LIBRI Storia del “fabricòn”: «Da stabilimento tessile a opificio della cultura»

La presentazione dell’opera di Aldo Papagni dedicata al linificio

Il primo capitolo, durato tra il 1909 e il 1967, è già stato scritto; ora manca la seconda parte, una pagina bianca tutta da costruire. Il “fabricòn”, il maestoso Linificio e Canapificio Nazionale sorto in città agli albori del secolo scorso, è oggi sotto i riflettori per il progetto di riconversione in “opificio della cultura”. Ad Aldo Papagni, ex vicedirettore del “Cittadino”, va il merito di averne ricostruito la storia attraverso una brillante ricerca a 360 gradi, confluita nelle pagine di “El fabricòn. Da stabilimento tessile a opificio della cultura”, volume pubblicato da Pmp in collaborazione con Unitre e amministrazione comunale, arricchito da splendide fotografie d’epoca dell’archivio di Silvano Bescapé. Il volume è stato presentato giovedì nella sala dei Comuni della Provincia: in cattedra anche il sindaco di Lodi, Andrea Furegato, cui spetterà il compito di “orchestrare” la seconda parte della storia del complesso architettonico. «Quando recuperiamo un immobile, dobbiamo conservarne la memoria e la storia delle persone che lo hanno animato – il commento del primo cittadino -. Il libro di Aldo Papagni cade nel momento giusto, proprio quando l’attenzione generale è puntata sul progetto di opificio della cultura. L’idea è promuovere la cultura del territorio, intesa come elemento di aggregazione, riflessione, incontro. Per Lodi si tratta di un progetto sfidante».

Ma come e perché è nato il Linificio? Chi ci lavorava? Perché è stato chiuso? A queste e tante altre domande risponde la ricerca di Papagni, uno studio rigoroso ma che lascia spazio anche a diversi curiosi aneddoti. «Quella del fabricòn è stata un’esperienza di lavoro, vita e umanità», introduce Stefano Taravella, direttore dei corsi Unitre e moderatore dell’incontro, impreziosito dalle letture di Marilena Giacon De Biasi. «Al “fabricòn” lavoravano soprattutto donne, impiegate alle varie macchine; gli uomini erano pochi e si occupavano perlopiù della manutenzione – racconta Papagni -. Il complesso si dimostrò piuttosto all’avanguardia per i tempi: venne installato un impianto di ventilazione e in più, per le donne, fu allestita una sala per l’allattamento.
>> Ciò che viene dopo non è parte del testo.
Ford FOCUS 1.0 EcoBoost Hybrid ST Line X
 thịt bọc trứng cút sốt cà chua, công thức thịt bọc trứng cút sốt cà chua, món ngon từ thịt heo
È curiosa, inoltre, la storia della scuola domenicale, aperta dal Comune: il Linificio, anche per ottenere una “fidelizzazione” delle operaie, decise di regalare un sussidiario a tutte le studentesse». Il libro racconta anche la storia dell’imprenditoria del periodo (la famiglia Ponti, la famiglia Borletti) e della funzione del Lanificio durante la guerra: «Venne utilizzato come centro di prima accoglienza per i feriti che arrivavano dal fronte». Il declino iniziò alla fine del secondo conflitto mondiale: il 1° giugno 1967 il “fabricòn” chiuse definitivamente i battenti, lasciando dietro sé una lunga storia che oggi possiamo ripercorrere in tutte le sue tappe grazie alla preziosa opera di Papagni. In attesa del secondo capitolo, ancora tutto da scrivere.